Aktualności

Wróć

Podlaski filmik Lorda Kruszwila w Sejmie

2020-02-14 14:51:10
Z sejmowej mównicy podlaski poseł Stefan Krajewski grzmiał na głośny filmik, którym władze województwa chciały promować region. Chodzi oczywiście o klip Lorda Kruszwila.
Filmik Lorda Kruszwila w Sejmie

Wydawało się że sprawa już ucichła, ale niespodziewanie przypomniano o niej w Sejmie. O filmiku promującym województwo podlaskie w gmachu przy Wiejskiej mówił poseł Stefan Krejewski (PSL). Podkreślał, że youtuber obraża uczucia religijne, a zgodził się na to obecny zarząd województwa, w którym zasiadają reprezentanci tzw. zjednoczonej prawicy.

- Film, który kosztował naprawdę dużo i został zaakceptowany przez marszałków z PiS i Porozumienia, w niewybredny sposób ubliża mieszkańcom Podlaskiego. Cała jego treść jest w gruncie rzeczy paszkwilancka.
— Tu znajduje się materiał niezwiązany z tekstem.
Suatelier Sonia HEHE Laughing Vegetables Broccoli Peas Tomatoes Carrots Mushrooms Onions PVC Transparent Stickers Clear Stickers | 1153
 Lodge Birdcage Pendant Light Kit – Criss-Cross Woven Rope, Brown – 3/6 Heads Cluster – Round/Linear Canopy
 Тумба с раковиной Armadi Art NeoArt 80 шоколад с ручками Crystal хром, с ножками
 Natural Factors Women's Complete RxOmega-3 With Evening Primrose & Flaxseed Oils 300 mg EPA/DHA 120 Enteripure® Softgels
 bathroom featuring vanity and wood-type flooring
Na szczególne potępienie zasługują słowa, które uraziły uczucia religijne społeczności prawosławnej zamieszkującej mój region - mówił w Sejmie Stefan Krajewski.

Chodzi o charakterystyczne dla patostremera drwiny - w klipie są z krzyża prawosławnego. Mówi on m.in. o co chodzi z tym krzyżem przekreślonym? Krzyż powinien być chyba taki normalny?.

Drwiny z religii

- Dotychczas ta różnorodność była naszą siłą i swego rodzaju towarem eksportowym. I nadal jesteśmy dumni z tego, że Podlasie skupia katolików, prawosławnych, muzułmanów, staroobrzędowców i protestantów. Wszyscy mieszkańcy tworzą barwną mozaikę kultur, tradycji i obrzędów, która stanowi unikatowy w skali Europy obraz. Obraz, który i bez wątpliwej promocji obecnego zarządu województwa, jest interesujący dla przyjezdnych, w tym turystów. Dlatego z całą mocą podkreślam: nie ma naszej zgody na obrażanie uczuć religijnych, szyderstwa z któregokolwiek wyznania i kościoła - dodawał Krajewski.

Poseł PSL twierdzi, że takie promowanie regionu jak te w wykonaniu młodocianego youtubera nie jest potrzebne.

- Podlaskie zawsze będzie bogactwem różnorodności, pomimo umysłowego ubóstwa niektórych regionalnych polityków, nierozumiejących własnego regionu - nie przebierał w słowach Stefan Krajewski.

Promocja czy antypromocja?

Urząd marszałkowski zapłacił youtuberowi 50 tys. zł. Gdy sprawa wyszła na jaw najpierw tłumaczono to w ten sposób: marszałek nie zlecał bezpośrednio filmu Lordowi Kruszwilowi, a zrobiła to agencja reklamowa, której płaci województwo. Za podpisanie umowy z agencją była odpowiedzialna osoba, która już nie pracuje w urzędzie.

Potem wicemarszałek województwa Stanisław Derehajło wypowiadał się w mediach twierdząc, że choć film jest kontrowersyjny nie to nie jest całkowitą porażką województwa, bo wcześniej nie udało się osiągnąć takich zasięgów i liczby wyświetleń. Tłumaczył, że ideą było to, by youtuber przyjechał na Podlasie i nie znalazł tu potwierdzenia memów. Przecież powiedział: miał być smród, brud i ubóstwo, nie znalazłem tego.

Stefan Krajewski zanim został posłem w latach 2015-2018 sam był członkiem zarządu województwa.